[Brief descriptive captions]
----------
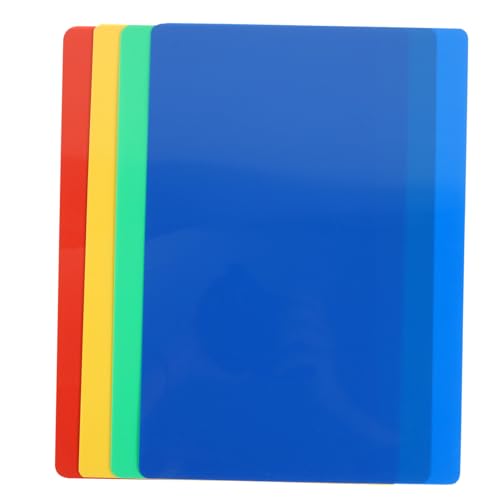 CLISPEED 4 Stück Plastikine Pads Unterlage zur Herstellung von Ton Matte zur Herstellung von Ton sensorisch Machen bastelset basteln für Werkzeug handgefertigte Basis CLISPEED 4 Stück Plastikine Pads Unterlage zur Herstellung von Ton Matte zur Herstellung von Ton sensorisch Machen bastelset basteln für Werkzeug handgefertigte Basis von CLISPEED
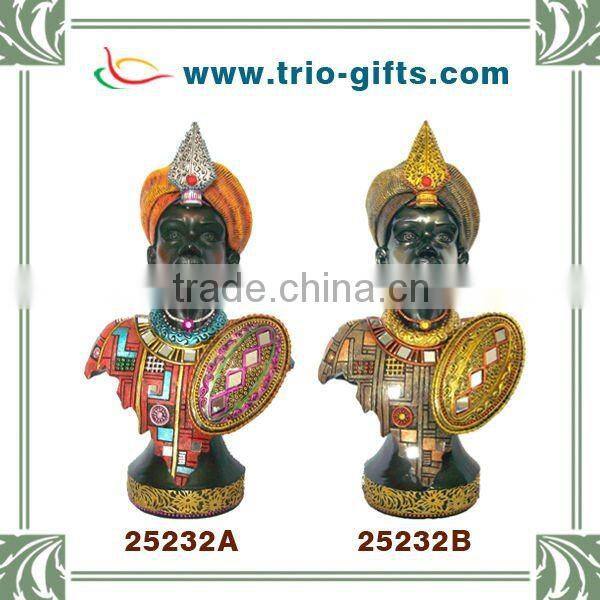 adult figurine resin sculpture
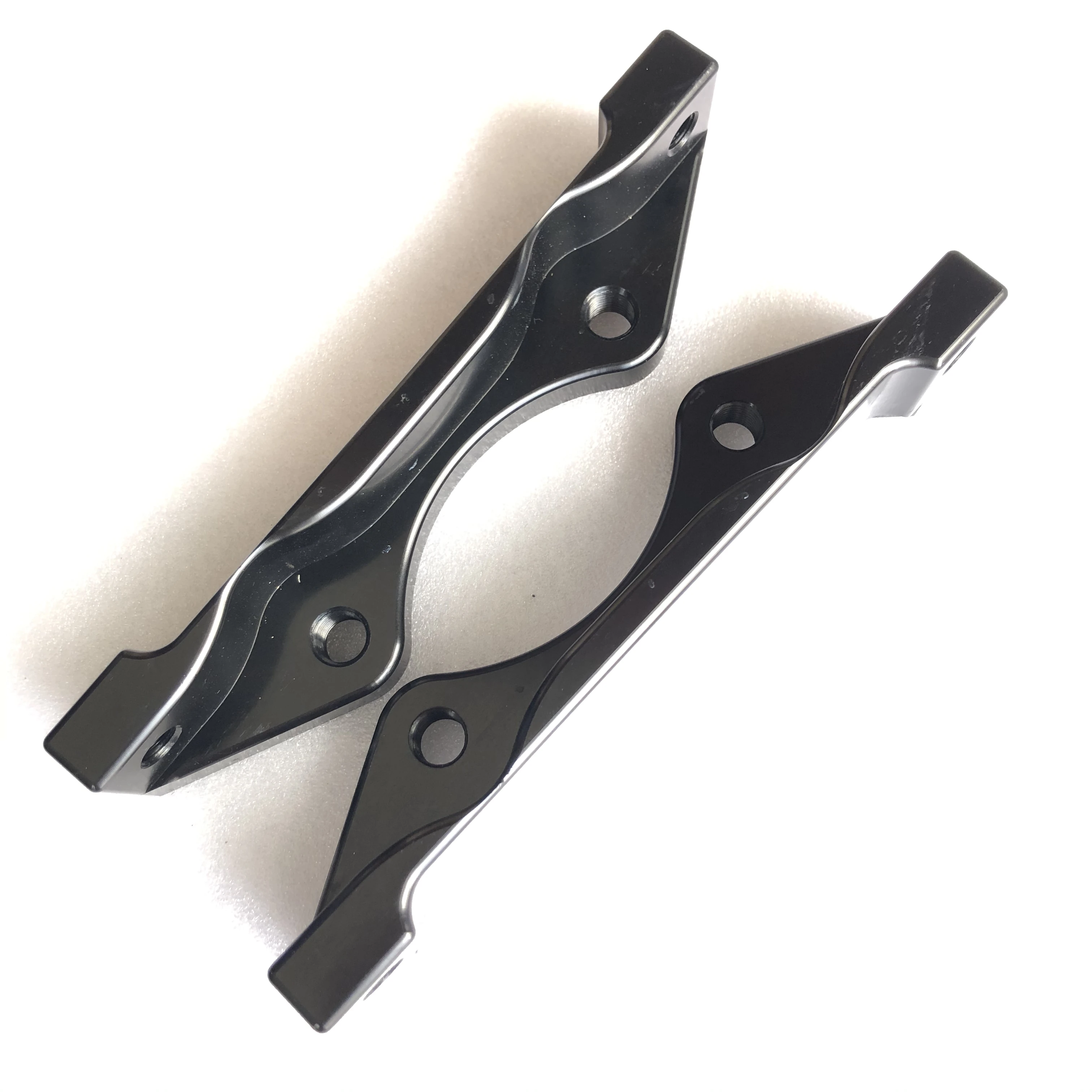 

Jekit racing car Aluminum customized bracket of design color for front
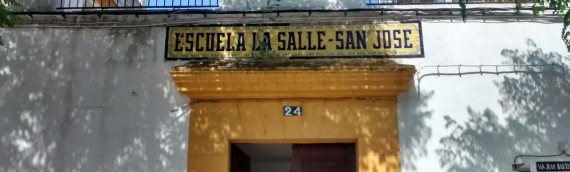 COLEGIO LA SALLE-SAN JOSE EN CHICLANA DE LA FRONTERA
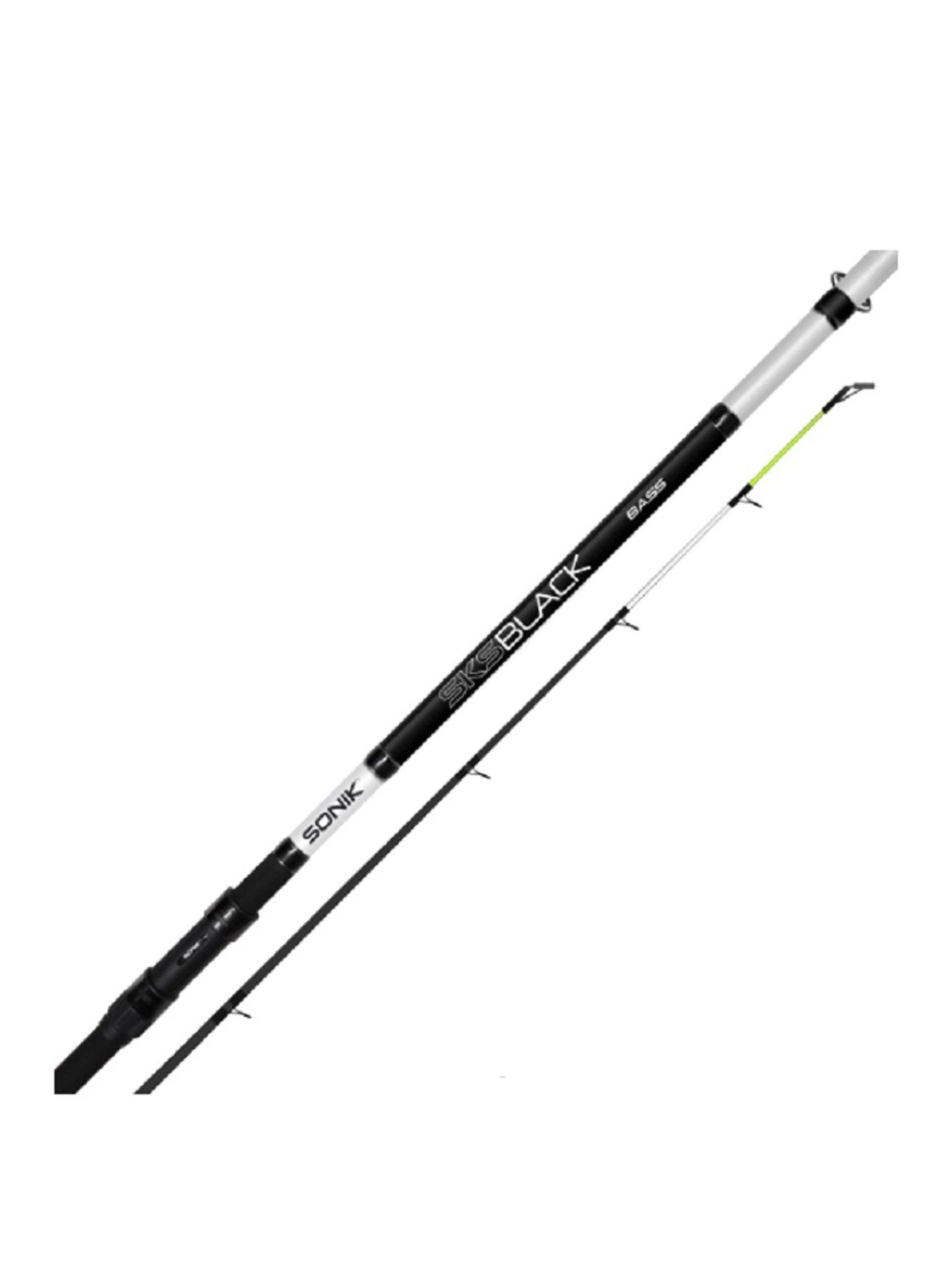 Sonik Sks Black Bass 11Ft 8 Inch 2pc 1 Sonik Sks Black Bass 11Ft 8 Inch 2pc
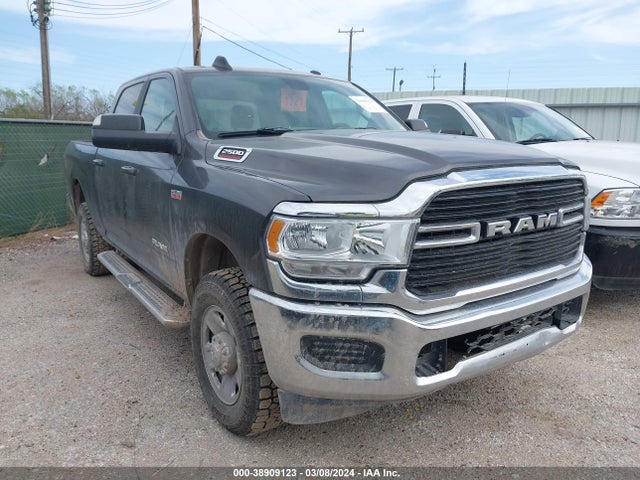 RAM 2500 Big Horn  4x4 6'4 Box 2021 3C6UR5DJ8MG554581 main image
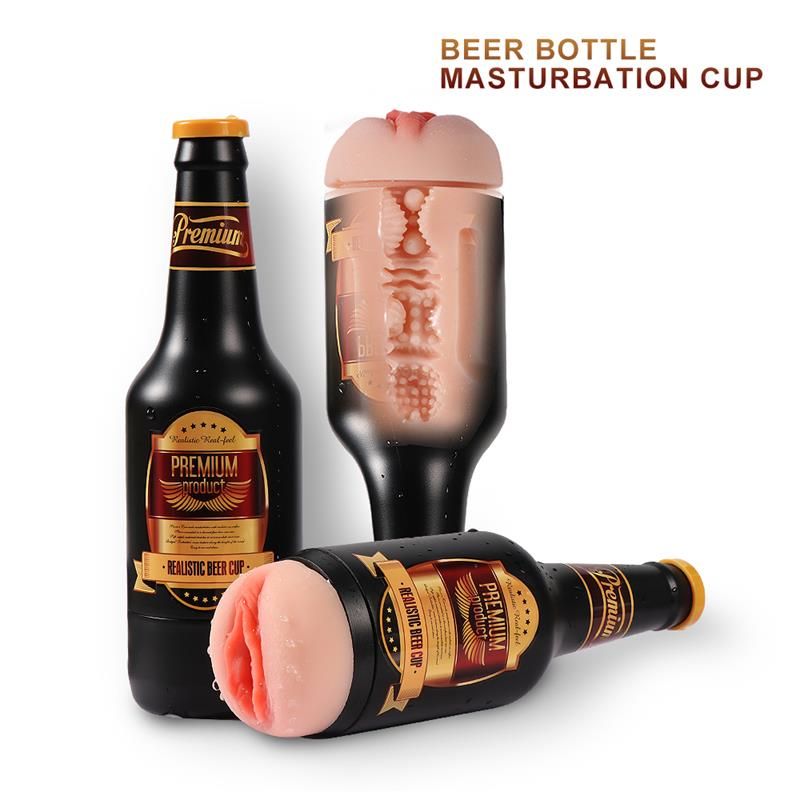 Masturbator Nelly Beer Bottle Masturbator Nelly Beer Bottle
----------
• Exercise description: From the line containing "COLEGIO LA SALLE-SAN" through the end of the entries, quote each line exactly and nothing else, excluding all pictures.

• Answer space:
 COLEGIO LA SALLE-SAN JOSE EN CHICLANA DE LA FRONTERA
 Sonik Sks Black Bass 11Ft 8 Inch 2pc 1 Sonik Sks Black Bass 11Ft 8 Inch 2pc
 RAM 2500 Big Horn  4x4 6'4 Box 2021 3C6UR5DJ8MG554581 main image
 Masturbator Nelly Beer Bottle Masturbator Nelly Beer Bottle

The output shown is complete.